Mr. and Mrs. Dawson had been married only about two years when they came to Dallas county and settled upon a quarter section of land in Colfax township, of which not an acre had been placed under the plow. There were many trials and hardships to be borne in developing the farm and Mr. Dawson says, “there were many blue days,” but he persevered, although in the early years he would gladly have sold out and returned to Illinois if he could have found a purchaser. By hard work, honesty and good business ability, he has transformed that wild land into a beautiful Iowa farm and as his financial resources have increased, he has added to the property until he now owns two hundred and forty acres on which he lives and three hundred and twenty acres in Oklahoma.
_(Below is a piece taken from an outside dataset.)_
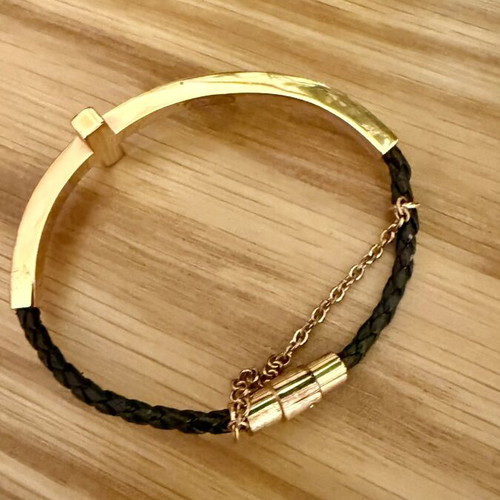 Gold Cross Bracelet with Black Woven Strap like new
He certainly deserves much credit for his success as he started out in life empty-handed. Earnest toil has been his lot but this has been guided by sound business judgment and supplemented by keen sagacity until he is now numbered among the substantial agriculturists of the community, and his life record proves what may be accomplished when one has the will to do and dare. Mr. Dawson has served as a school director for a number of years and the cause of education finds in him a warm friend. In politics he is a republican and although he has never sought nor desired office he has always been true and loyal in matters of citizenship. Of genial manner and social disposition, it is a pleasure to meet and know him, and his life record should serve as a source of encouragement and inspiration to others for it proves that success is ambition’s answer.